Un thriller psychologique loin des standards de l'action low-cost

Joe Carnahan chapeaute le projet, produit par Matt Damon et Ben Affleck avec leur boîte de production Artists Equity. Ce qui frappe d’entrée de jeu dans ce projet, c’est la volonté du film de vouloir se désenclaver des thrillers d’action low-cost qui tirent partout avec une histoire convenue.

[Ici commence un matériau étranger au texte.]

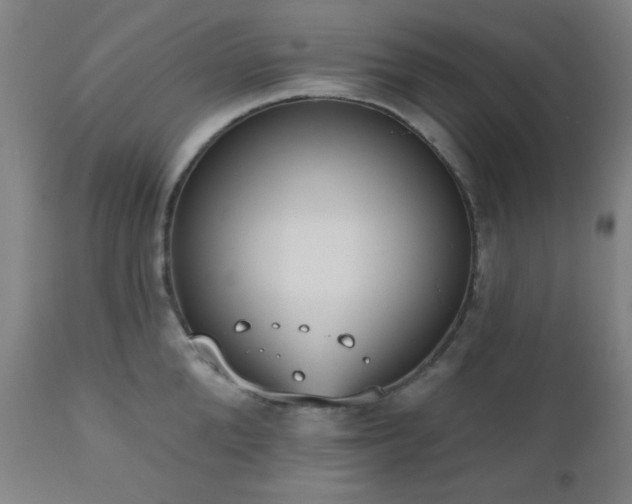 X0000110960904200906191309
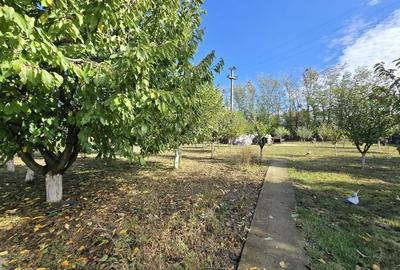 Casa individuala cu teren generos Jilava - Str Garii - 8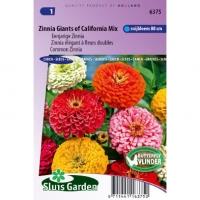 Eenjarige Zinnia bloemzaden â€“ Zinnia Giants of California Mix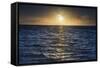 Sunrise on the Tropical, Pacific Island of Rarotonga, Cook Islands, South Pacific, Pacific-Matthew Williams-Ellis-Framed Stretched Canvas
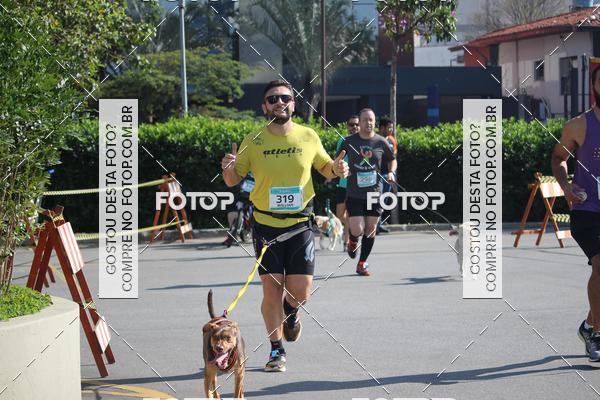 Buy your photos of the event2 Pet Run Shopping Eldorado  on Fotop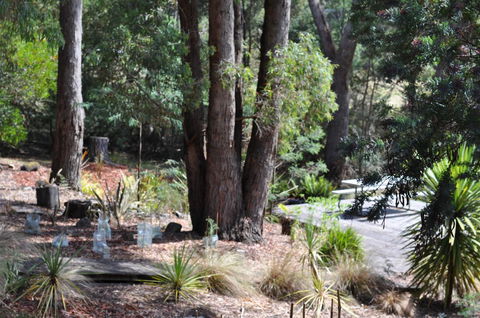 Oyster Cove Chalet - Accommodation Rockhampton 26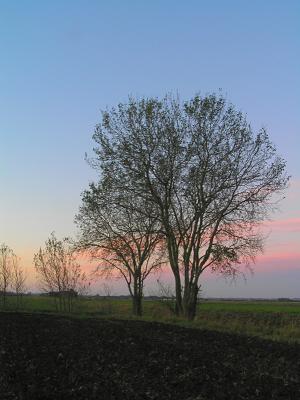800_PB050223_c1.JPG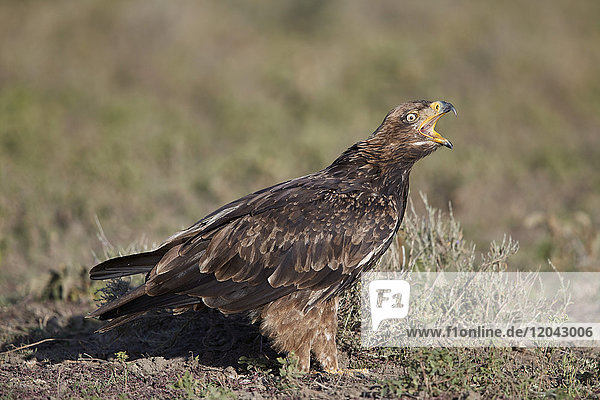 Rufender Steinadler (Aquila rapax)  Ngorongoro-Schutzgebiet  Tansania  Ostafrika  Afrika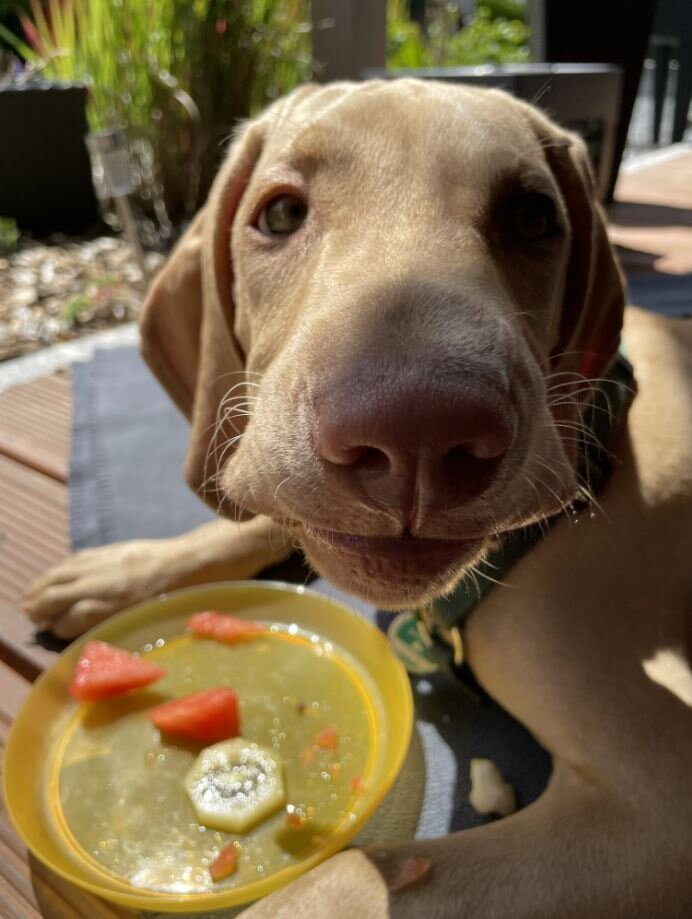 Hallo wir sind Familie M&uuml;ller mit unsern Hans-Peter 4 Monate! Wir haben uns f&uuml;r einen Hund entschieden, weil wir gerne wandern und gern in der Natur sind! Und weil wir einen treuen Begleiter an unserer Seite wollten&#x1f60d!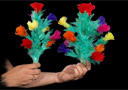 Bouquet qui se dédouble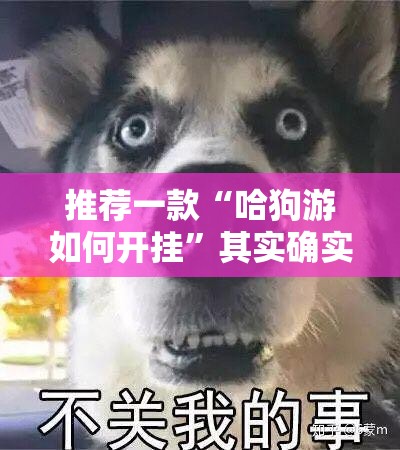 推荐一款“哈狗游如何开挂”其实确实有挂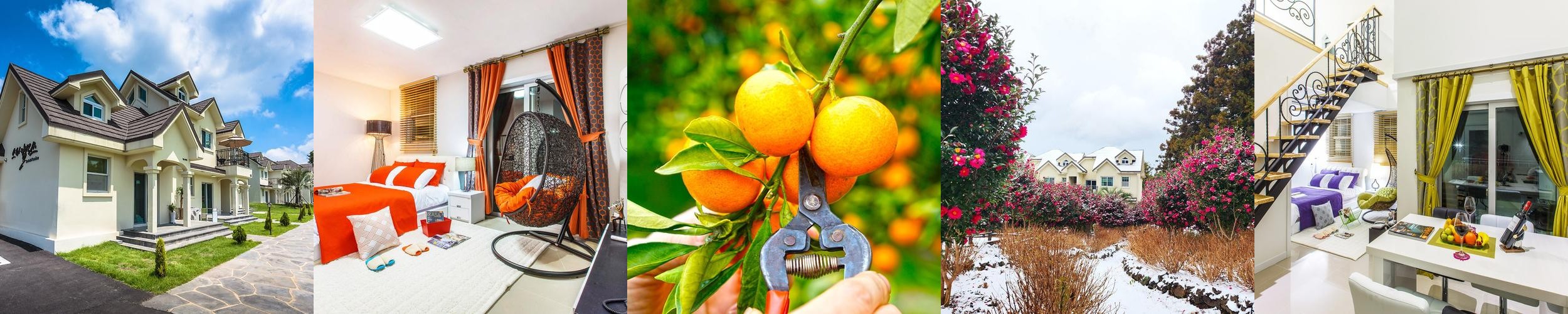 제주도 애견동반 숙소 베스트 추천 리스트 TOP 10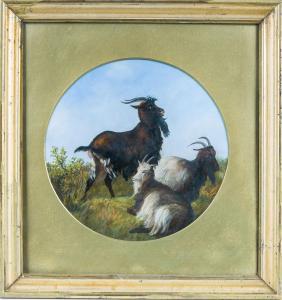 COOPER J.R 1880-1900,Drei Ziegenböcke auf der Weide,1880,Leo Spik DE 2017-03-30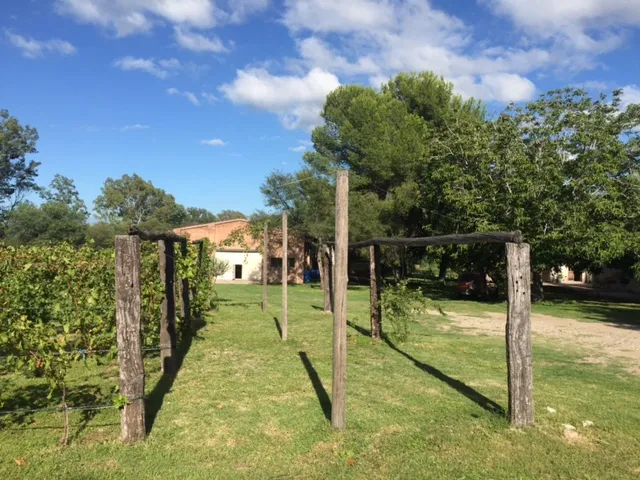 Bodega Finca Las Breas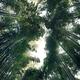 Arashiyama bamboo forest dreamy skyward view scenery... (thumbnail)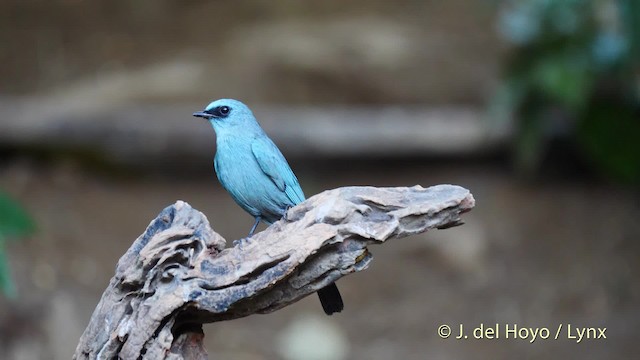  - Verditer Flycatcher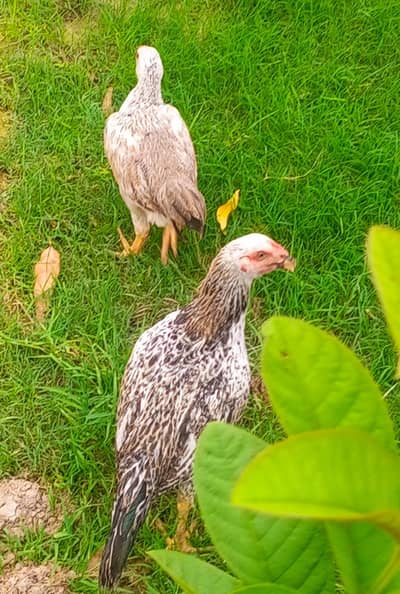 Aseel pair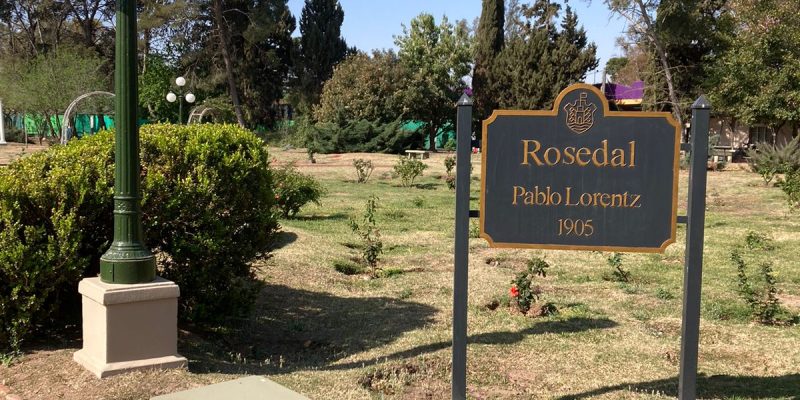 En El Día De La Primavera, Reabren Las Puertas Del “Rosedal” Del Parque Sarmiento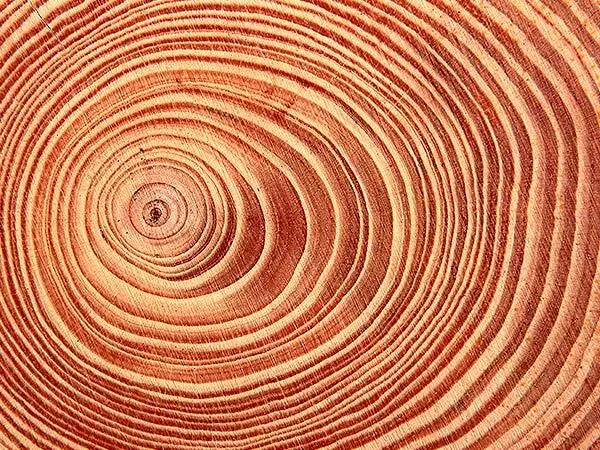 Slice of a tree trunk showing tree rings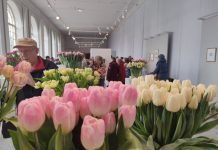 Tulipany – promocja polskiej produkcji na wystawie w Wilanowie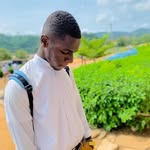 Robert Wirekoh - @robert.wirekoh - Instagram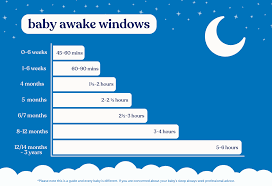 4 Month Sleep Schedule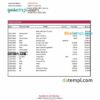 editable template, Georgia Basis Bank statement Excel and PDF template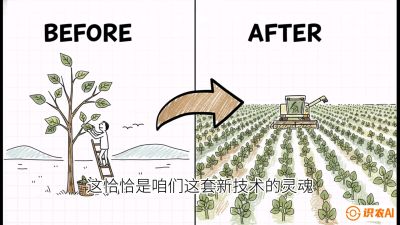 第02节：把树变成草&mdash;&mdash;&ldquo;草本化密植&rdquo;技术，课程：《桑海淘金：桑树高产与蚕桑安全进阶实战课》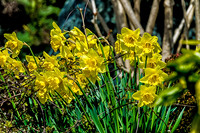 Early Spring Blooms-8
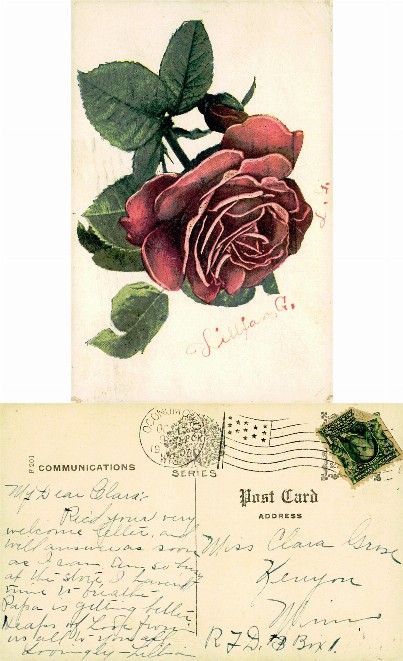 Single Red Rose Illustration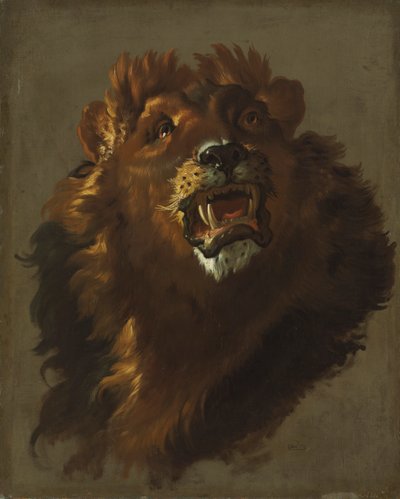 Lion - Giuseppe Baldrighi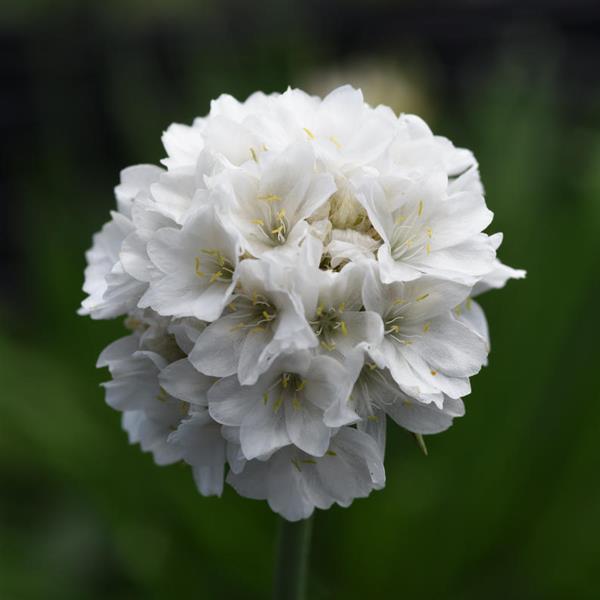 Armeria Dreameria® Dream Clouds - Bloom
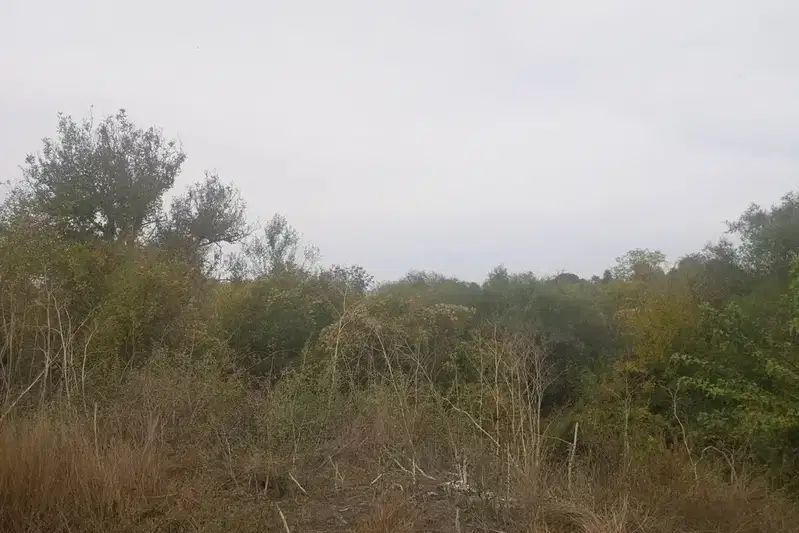 Парцел във Варна, с. Чернево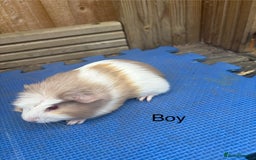 Guinea Pig rodents for sale: Ready 20th August gorgeous guinea pigs - Image 1
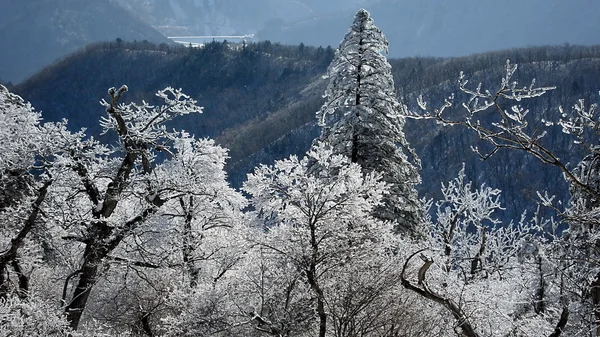Краєвид гора від гірськолижного курорту в Кореї — стокове фото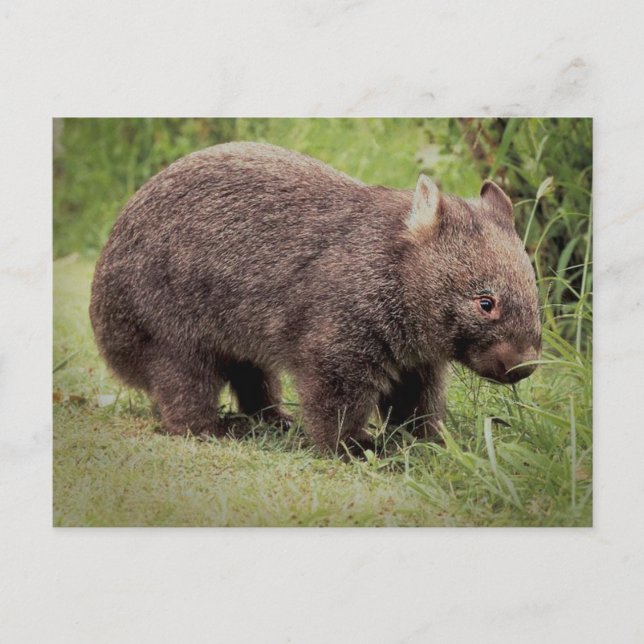 Australische Wombat Postkarte (Vorderseite)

Là, c’est une intrigue à tiroirs, à base de jeux de dupes, de faux-semblants et de phrases plus ou moins bien senties pour se disculper. Et la mayonnaise fonctionne. En effet, on tombe dans le piège d’entrée de jeu : penser que tout le petit clan de Matt Damon n’est qu’un amas de flics véreux. Oui, mais pas que. On s’arrache les cheveux dans les premières minutes et pour cause : on a l’impression que personne n’est réellement affecté par la mort de leur collègue. Si, mais c’est très subtil. Le clan des flics continue sa petite vie tranquille et se met sur une grosse saisie financière à environ 20 millions de dollars. S’ensuit alors une montée progressive du délire : menaces extérieures, tensions internes, manipulations. Et tout est savamment dosé par la maîtrise de la réalisation de Joe Carnahan.
La maîtrise de Carnahan : entre joutes verbales et réalisme brutal

C’est intimiste, les joutes verbales sont intéressantes et le duo Damon-Affleck porte tout émotionnellement tant les deux sont forts. Carnahan maîtrise également les suspensions d’incrédulité en brisant net certaines scènes par le montage, pour mieux y revenir ensuite. On dénature tous les clichés de ce type de films (non, les méchants, ce n'est pas le cartel) avec une finesse bienvenue, même si le message retombe plus ou moins dans des chaussons déjà confortables.
Autre fait bienvenu : on fait monter la tension jusqu’à faire exploser celle-ci dans des gunfights courts et qui prennent au dépourvu — on est plus sur de l’intimidation qu’une véritable démonstration de force. Autrement dit, The Rip joue avec son cerveau plutôt qu’avec ses gros muscles. Et cela fait du bien de voir ce genre de trucs popper sur Netflix. C’est sur la plateforme depuis le 16 janvier 2026.